Álvaro Armando Vasseur

Estampa de un poeta y su poesía

Tratándose de Álvaro Armando Vasseur puede y, acaso, debe comenzarse por el físico, cuando se intenta dar fielmente a los lectores su verdadera imagen espiritual.

Esbelto y bien proporcionado de cuerpo, con un rostro que trae al recuerdo, sobre todo de perfil, alguna medalla antigua; rostro de rasgos expresivos; nariz ligeramente aguileña, de noble dibujo; breve bigote discretamente despuntado; boca de trazo regular con una cierta expresión entre amarga e irónica; frente de lóbulos más bien pronunciados, coronada por una cabellera casi ensortijada que los años han agrisado y no realmente emblanquecido.

Su físico tiene, y tuvo siempre, personalidad. Y no desentona, sino que perfectamente condice con lo que es él por su manera implícita de ser y por su obra de pensador y de poeta.

Se piensa en Goethe. Se echa de menos en sus hombros el quitón griego o la túnica romana. En sus movimientos, en sus ademanes, en la apostura de su cabeza apolínea, priva un aire de serena y espontánea dignidad de espíritu que lo distingue entre la multitud. Físicamente es él.
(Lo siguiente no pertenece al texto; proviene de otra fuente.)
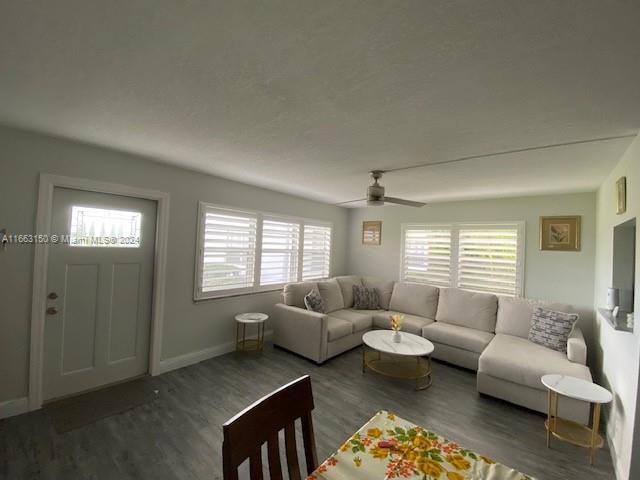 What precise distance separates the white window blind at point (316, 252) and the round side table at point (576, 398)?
346 centimetres

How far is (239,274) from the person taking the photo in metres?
3.83

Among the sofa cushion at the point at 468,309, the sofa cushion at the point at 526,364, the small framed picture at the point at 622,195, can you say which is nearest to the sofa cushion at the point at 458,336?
the sofa cushion at the point at 468,309

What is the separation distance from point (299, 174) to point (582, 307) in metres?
3.95

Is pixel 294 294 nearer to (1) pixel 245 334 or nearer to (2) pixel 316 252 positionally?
(1) pixel 245 334

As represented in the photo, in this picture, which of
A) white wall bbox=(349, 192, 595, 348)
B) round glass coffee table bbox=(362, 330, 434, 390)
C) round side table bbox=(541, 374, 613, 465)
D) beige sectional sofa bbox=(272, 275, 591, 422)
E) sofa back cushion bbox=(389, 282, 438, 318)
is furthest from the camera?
sofa back cushion bbox=(389, 282, 438, 318)

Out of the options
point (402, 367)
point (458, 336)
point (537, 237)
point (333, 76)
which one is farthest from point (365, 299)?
point (333, 76)

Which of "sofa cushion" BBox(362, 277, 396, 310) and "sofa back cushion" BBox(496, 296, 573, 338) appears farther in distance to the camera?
"sofa cushion" BBox(362, 277, 396, 310)

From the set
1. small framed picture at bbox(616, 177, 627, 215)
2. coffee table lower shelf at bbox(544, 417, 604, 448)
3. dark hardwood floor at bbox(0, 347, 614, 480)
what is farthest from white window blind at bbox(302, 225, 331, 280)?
small framed picture at bbox(616, 177, 627, 215)

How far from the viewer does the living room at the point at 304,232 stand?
42.6 inches

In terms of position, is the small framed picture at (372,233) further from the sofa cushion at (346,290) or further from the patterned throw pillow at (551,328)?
the patterned throw pillow at (551,328)

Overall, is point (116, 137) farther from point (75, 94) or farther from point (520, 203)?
point (520, 203)

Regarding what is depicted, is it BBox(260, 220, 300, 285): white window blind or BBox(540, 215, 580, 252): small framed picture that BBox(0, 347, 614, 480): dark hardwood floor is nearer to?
BBox(260, 220, 300, 285): white window blind

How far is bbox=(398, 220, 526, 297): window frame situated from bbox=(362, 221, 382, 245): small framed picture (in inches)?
18.2

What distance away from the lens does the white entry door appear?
97.7 inches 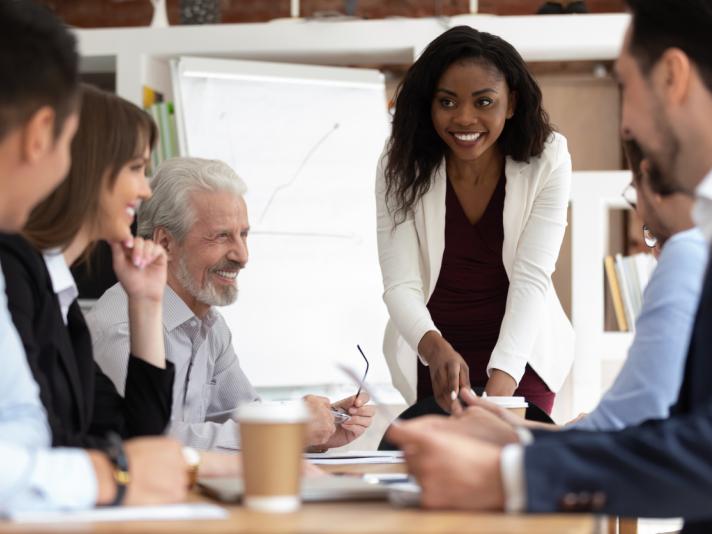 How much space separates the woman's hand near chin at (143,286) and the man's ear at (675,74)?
3.00 feet

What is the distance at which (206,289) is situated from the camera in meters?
2.50

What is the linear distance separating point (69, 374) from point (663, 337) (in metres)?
0.84

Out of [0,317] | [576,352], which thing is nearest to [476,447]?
[0,317]

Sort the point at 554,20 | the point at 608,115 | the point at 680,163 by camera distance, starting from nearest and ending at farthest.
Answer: the point at 680,163
the point at 554,20
the point at 608,115

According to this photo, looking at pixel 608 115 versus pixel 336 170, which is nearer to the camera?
pixel 336 170

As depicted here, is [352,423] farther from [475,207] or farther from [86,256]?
[475,207]

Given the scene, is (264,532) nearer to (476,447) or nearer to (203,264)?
(476,447)

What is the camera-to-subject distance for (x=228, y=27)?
4.21 m

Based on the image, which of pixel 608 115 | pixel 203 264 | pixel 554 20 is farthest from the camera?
pixel 608 115

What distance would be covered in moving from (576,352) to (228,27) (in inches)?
70.0

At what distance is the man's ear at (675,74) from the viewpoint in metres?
1.39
Esa correspondencia entre el visible continente y la interna vivencia sustancial de la persona es un don.

Un don que la naturaleza reserva a muy pocos elegidos. La pintura de su figura corporal se impone, pues, como la mejor portada viva para una descripción de Vasseur en cualquiera de sus aspectos.

Si esta página pudiese ser toda una biografía, en vez de algo más de una simple estampa (quizá a título de anticipación de un prometido ensayo), ella debería hacer pasar, bajo esa portada, ante todo la descripción y crónica de su vida íntima.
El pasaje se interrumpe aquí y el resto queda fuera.